Massive cloud provider outages of the past year show the importance of having a DRaaS plan for your cloud-native applications.
No matter where a business is in its digital transformation, from running a makeshift data center in the broom closet or fully in the cloud with Kubernetes and Azure, every business can agree that data safety is everything. But for those on the latter end of that spectrum, the always-on, multi-tenancy promise from every cloud provider might be lulling IT leadership into thinking their data is safe in one place. Could disaster recovery as a service (DRaaS) find new importance in the cloud-native age?
In the on-premises past, disaster recovery plans meant moving tape backups to an offsite location to protect from natural disasters like hurricanes, floods, wildfires, and earthquakes.

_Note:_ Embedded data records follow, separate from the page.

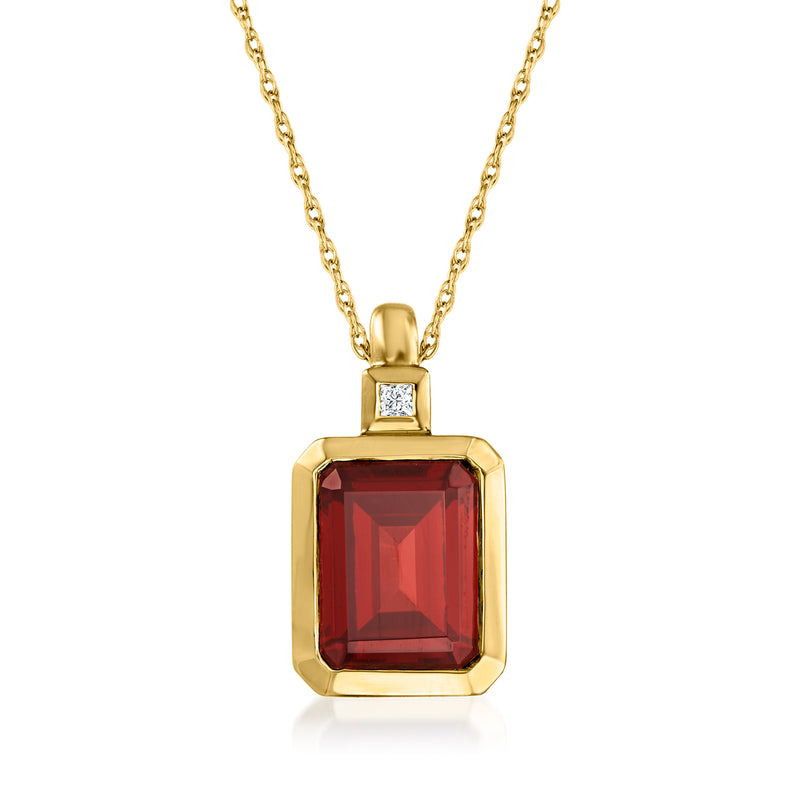 14kt yellow gold pendant necklace with red garnet square and small diamond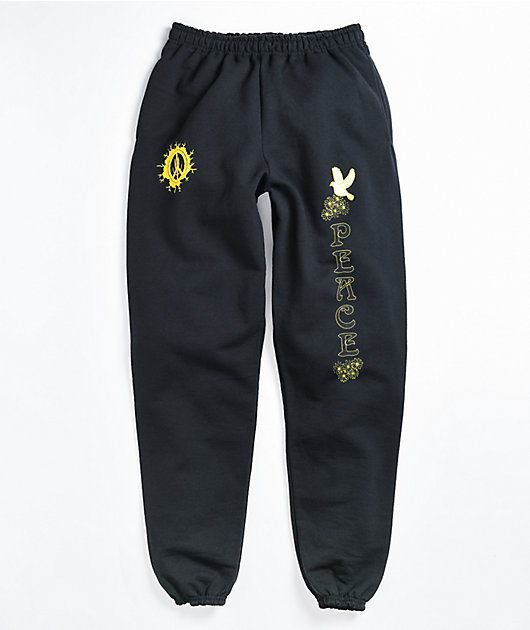 black sweatpants with elastic ankles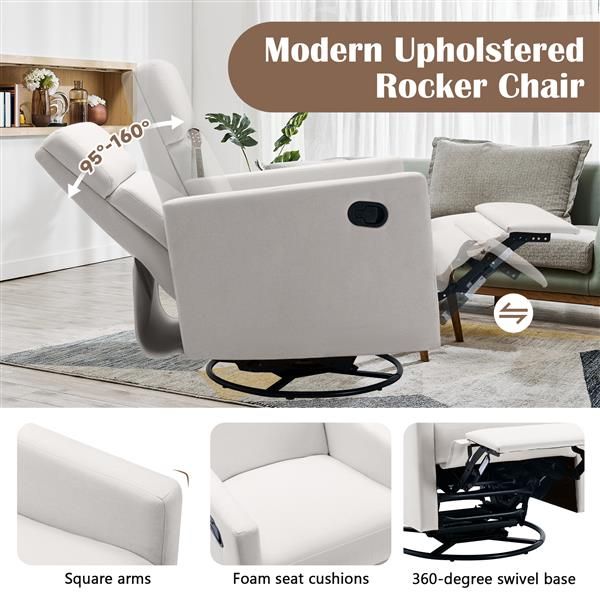 Modern Upholstered Seating Glider Swivel Recliner Chair - Natural CuteNest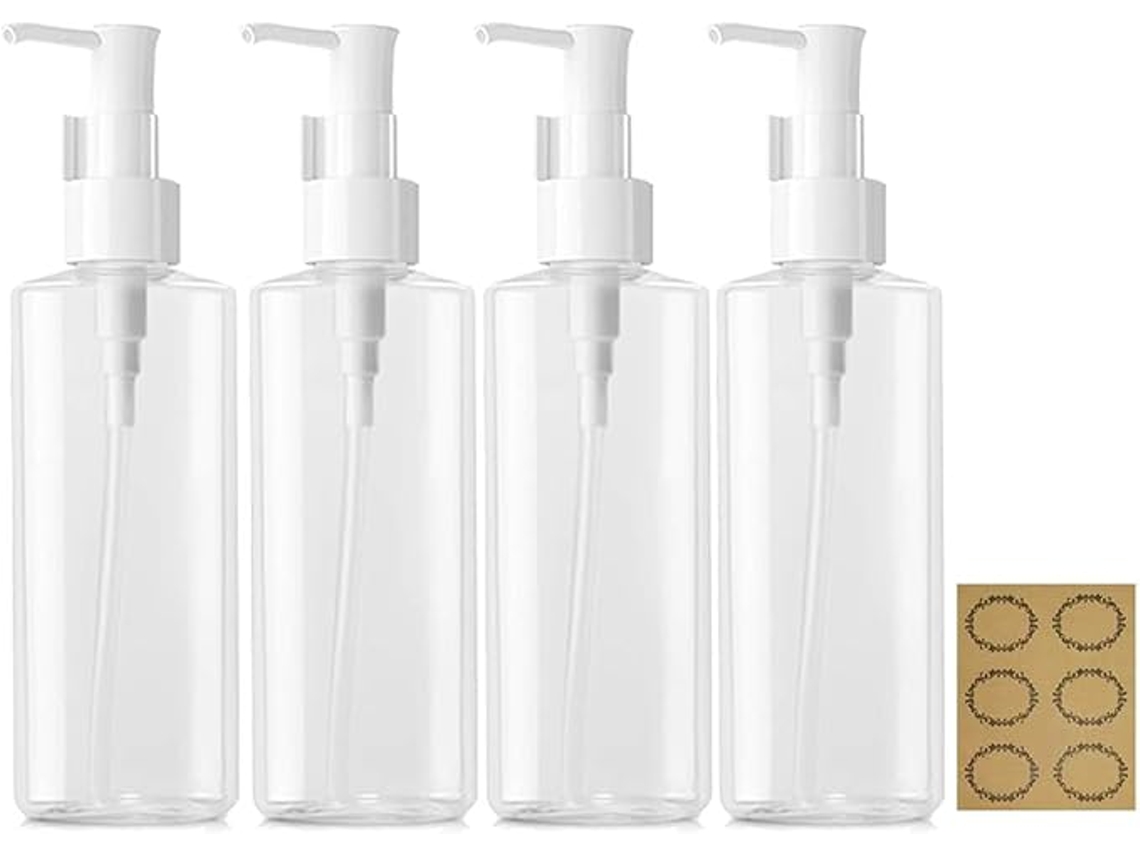 4 Frascos Transparentes De 150 Ml Con Dosificador, Para Gel/champú/aceite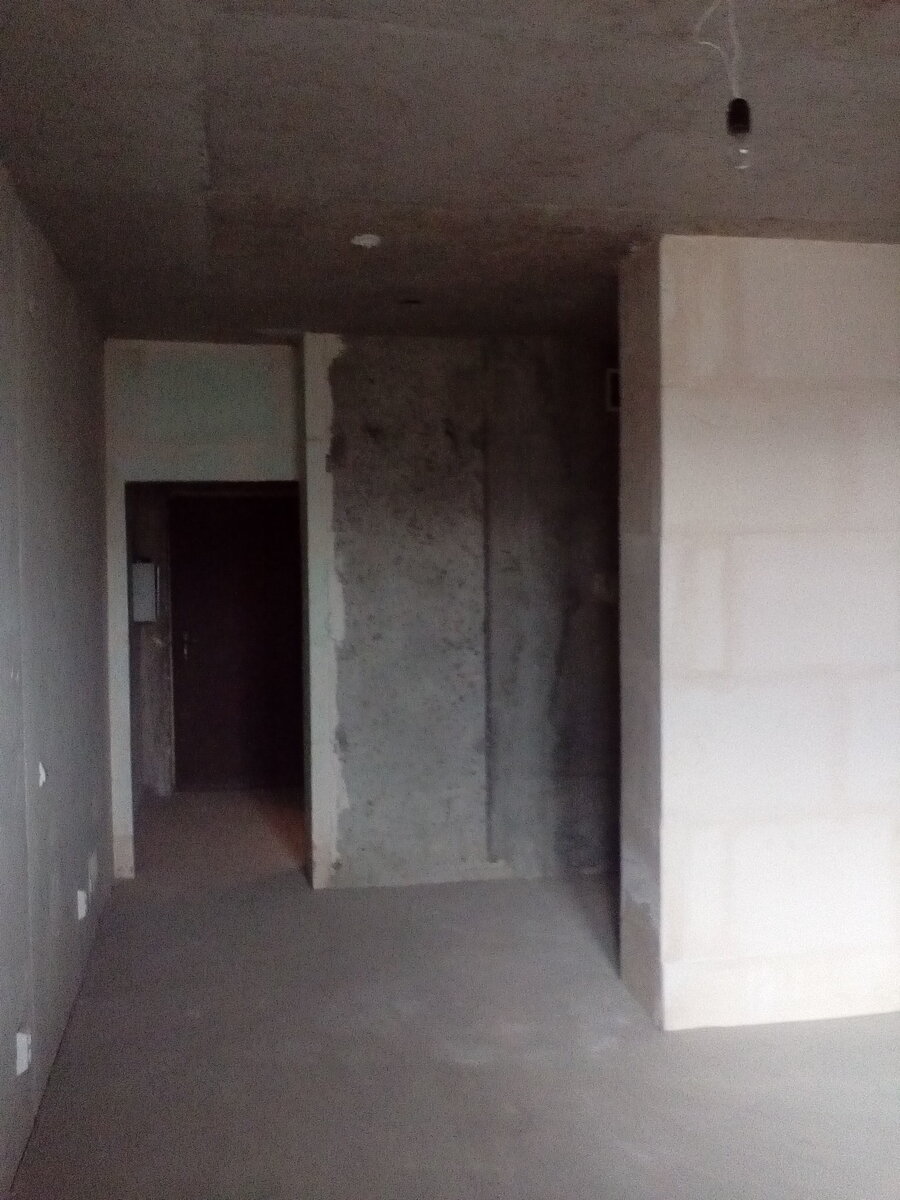 фото бетонной коробки студии со стороны окна (вид на входную дверь)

Or making sure there’s a failover plan when the building’s power goes out. And more recently, there’s been increased focus on small or medium-sized businesses (SMBs) being able to adequately recover from cyberattacks like ransomware.
But in the cloud-native age, where each cloud provider promises built-in backups, and Kubernetes manifests attempt to simplify the process of spinning up your application in a new cloud in case of disaster, DRaaS seems obsolete. The reality is very much the opposite, and those who don’t take disaster recovery into their own hands will find themselves at the same disastrous end.
How disaster recovery works in the cloud-native age
DRaaS works fundamentally, in the same way, no matter what your infrastructure looks like. In the case of Kubernetes, microservices, and containers, a DRaaS solution replicates and synchronizes each component of your infrastructure to one or more additional public clouds, such as AWS, GCP, Azure, IBM Cloud, Oracle Cloud, and others.
Let’s say you use AWS as your primary public cloud provider, and a massive outage (like the ones that happened back in December 2021) takes your application offline entirely. Instead of twiddling your thumbs or trying to manually launch your cluster elsewhere, you could failover to your DRaaS-replicated cluster and get back to serving your users.
DRaaS providers let you manage multiple virtual private clouds (VPCs) in one place, encompassing both the data and the underlying infrastructure. You can back up, replicate, or migrate whole clusters or just specific parts, even the inter-resource relationships, such as the DaemonSet, ConfigMaps, persistent volumes, pods, secrets, and much more. Scheduled backup policies ensure that your whole disaster recovery plan isn’t hinged on a single IT employee.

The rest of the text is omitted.